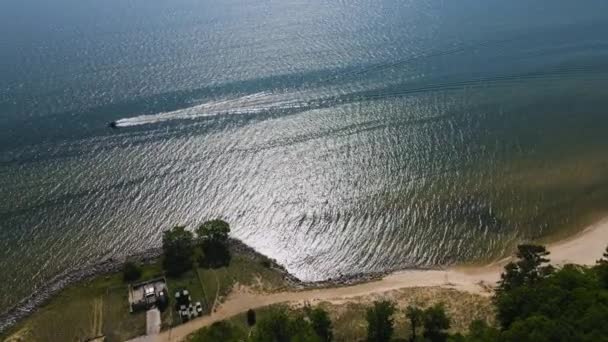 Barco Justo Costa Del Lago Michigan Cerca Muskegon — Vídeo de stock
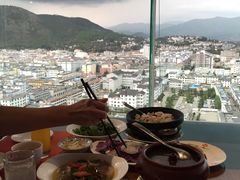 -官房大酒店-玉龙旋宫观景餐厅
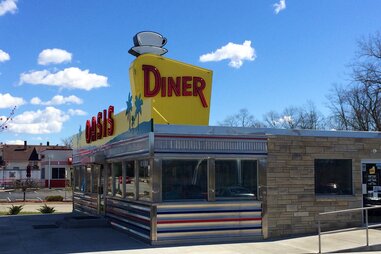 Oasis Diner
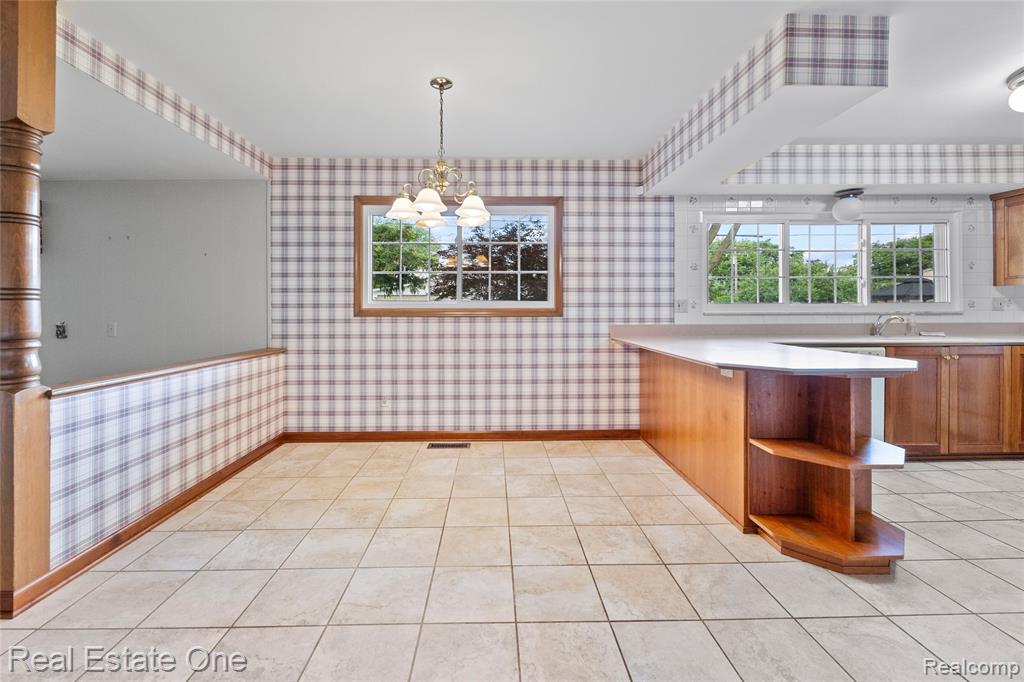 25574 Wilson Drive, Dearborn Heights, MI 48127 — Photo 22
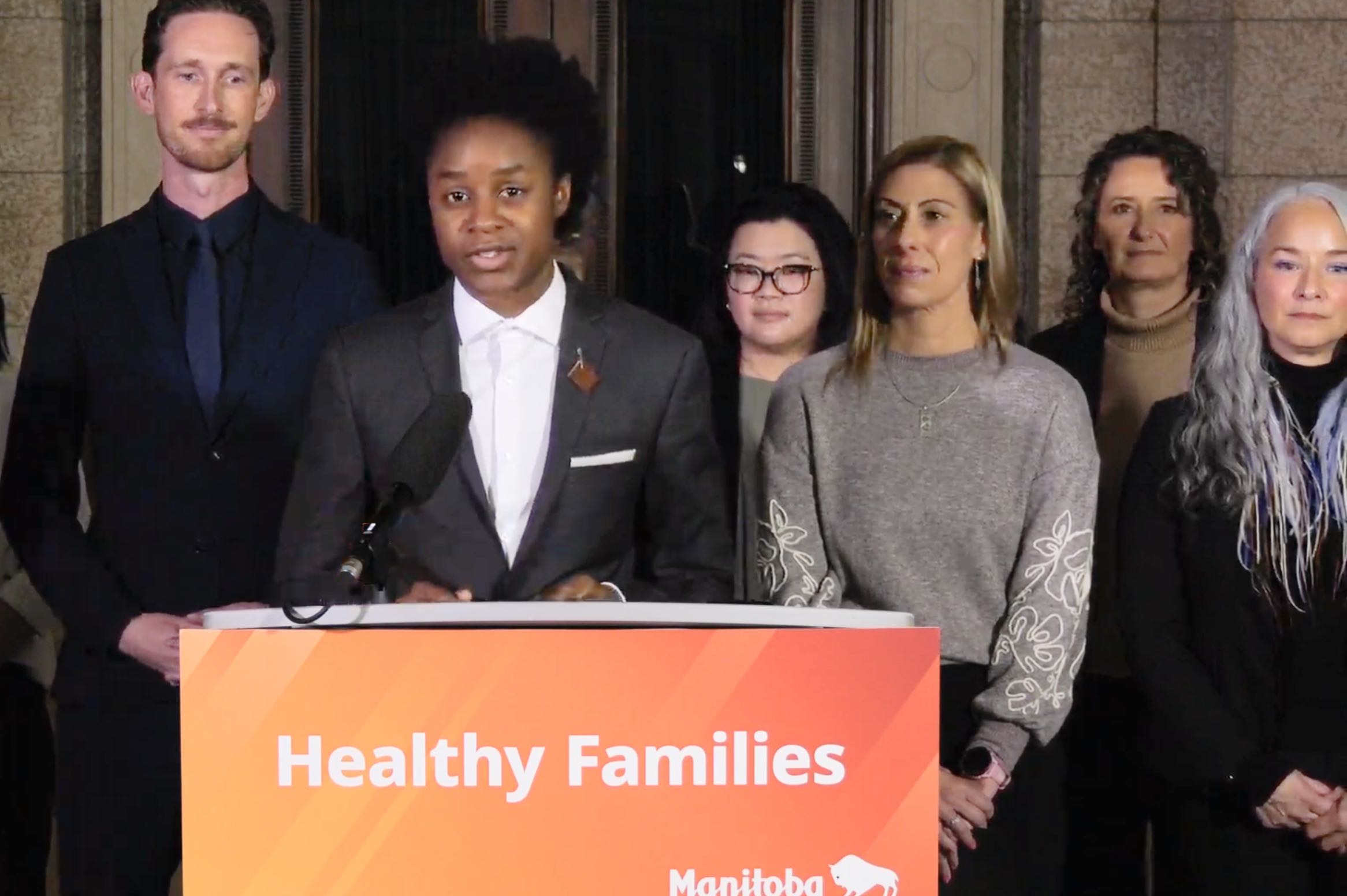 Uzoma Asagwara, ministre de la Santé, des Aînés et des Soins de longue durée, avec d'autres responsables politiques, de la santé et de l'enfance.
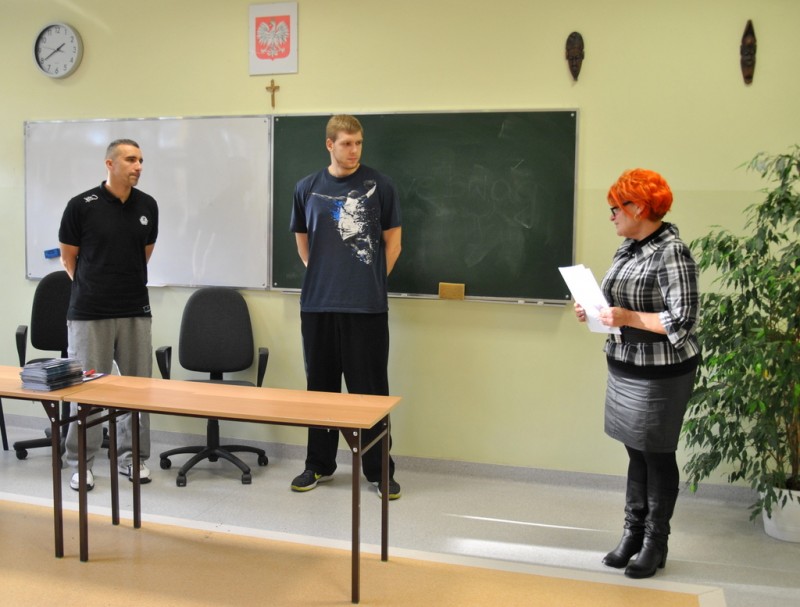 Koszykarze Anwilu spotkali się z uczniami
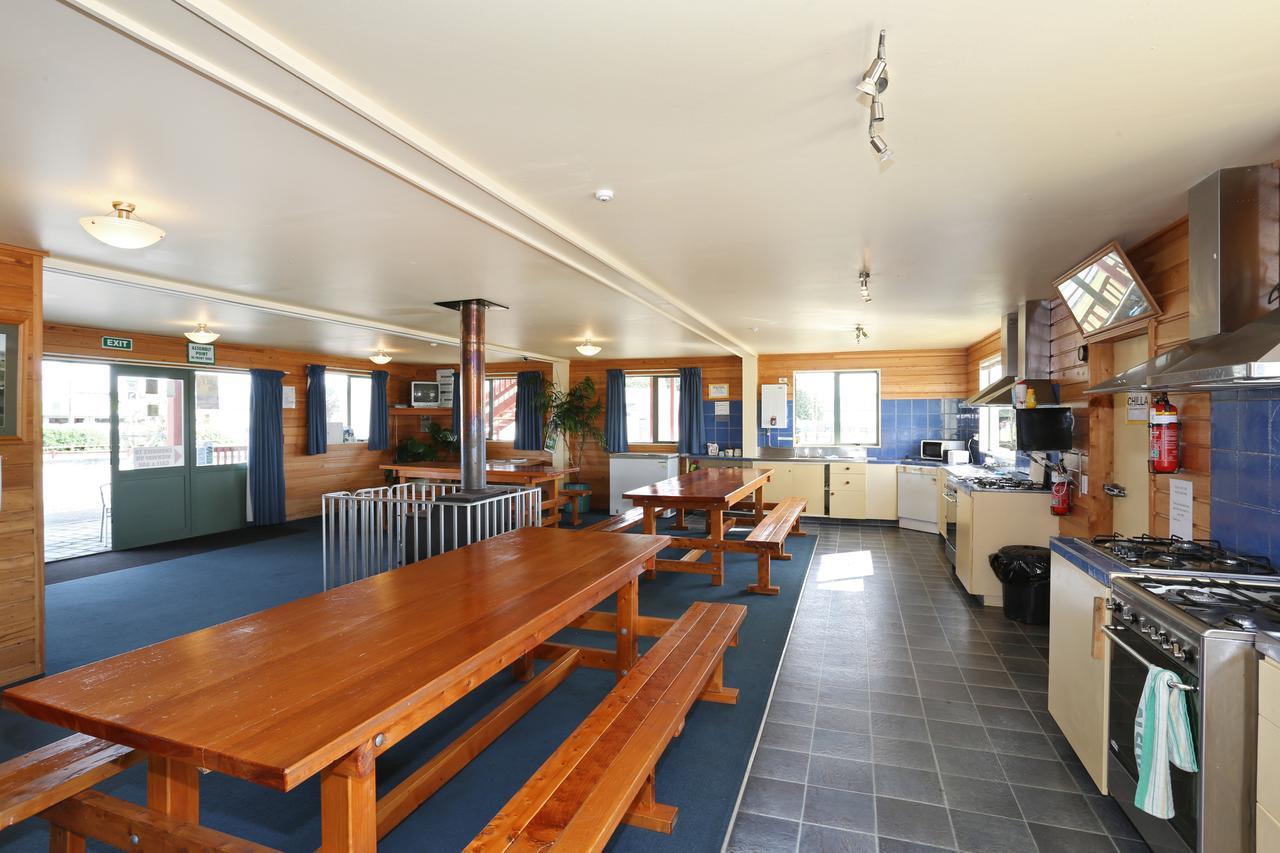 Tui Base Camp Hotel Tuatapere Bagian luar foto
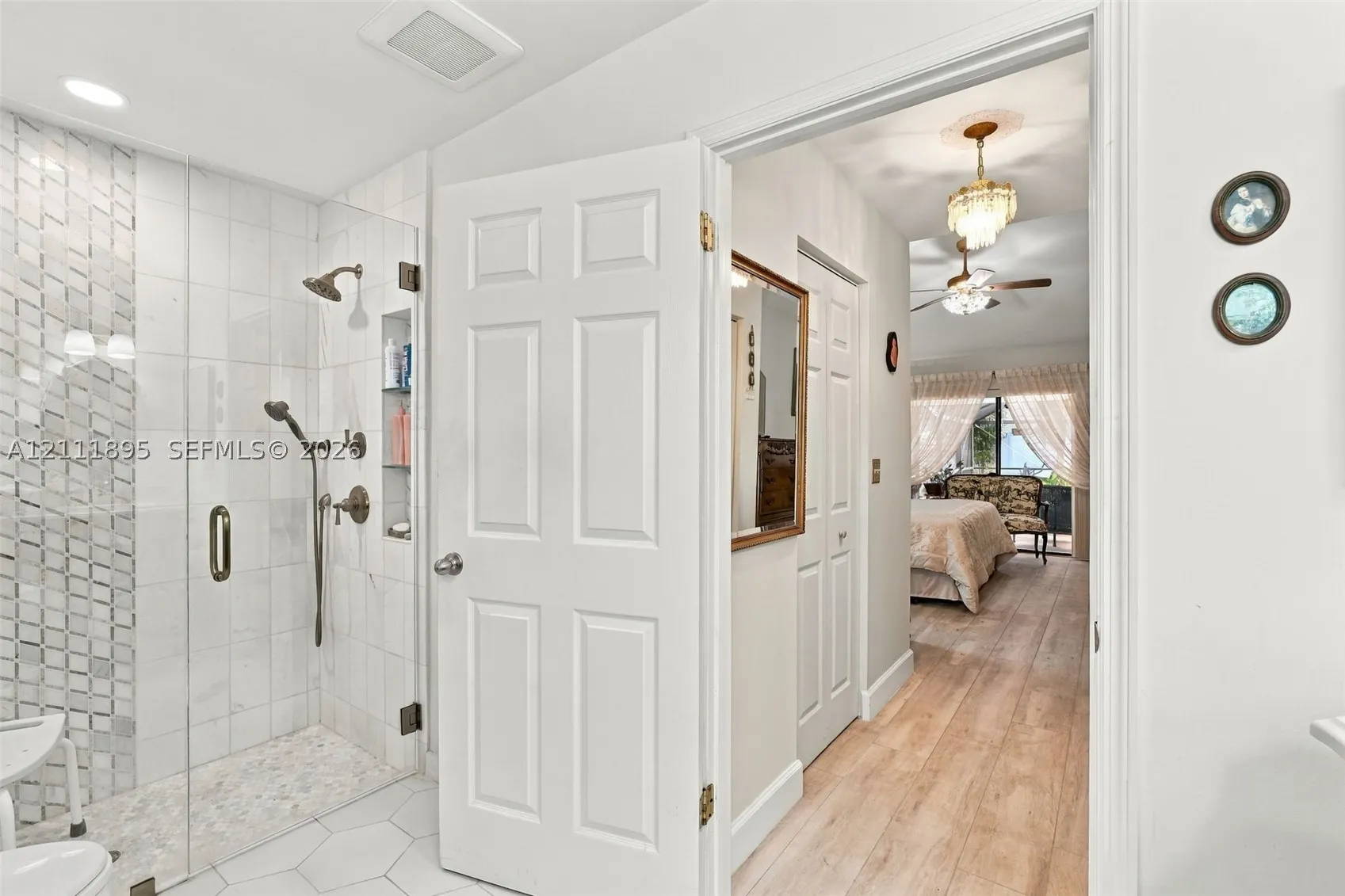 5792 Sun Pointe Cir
--
Problem to solve
No picture is to be printed. Output exactly the lines above from the line containing "-官房大酒店-玉龙旋宫观景餐厅" through the line containing "Koszykarze Anwilu spotkali się z uczniami".

Exercise result
 -官房大酒店-玉龙旋宫观景餐厅
 Oasis Diner
 25574 Wilson Drive, Dearborn Heights, MI 48127 — Photo 22
 Uzoma Asagwara, ministre de la Santé, des Aînés et des Soins de longue durée, avec d'autres responsables politiques, de la santé et de l'enfance.
 Koszykarze Anwilu spotkali się z uczniami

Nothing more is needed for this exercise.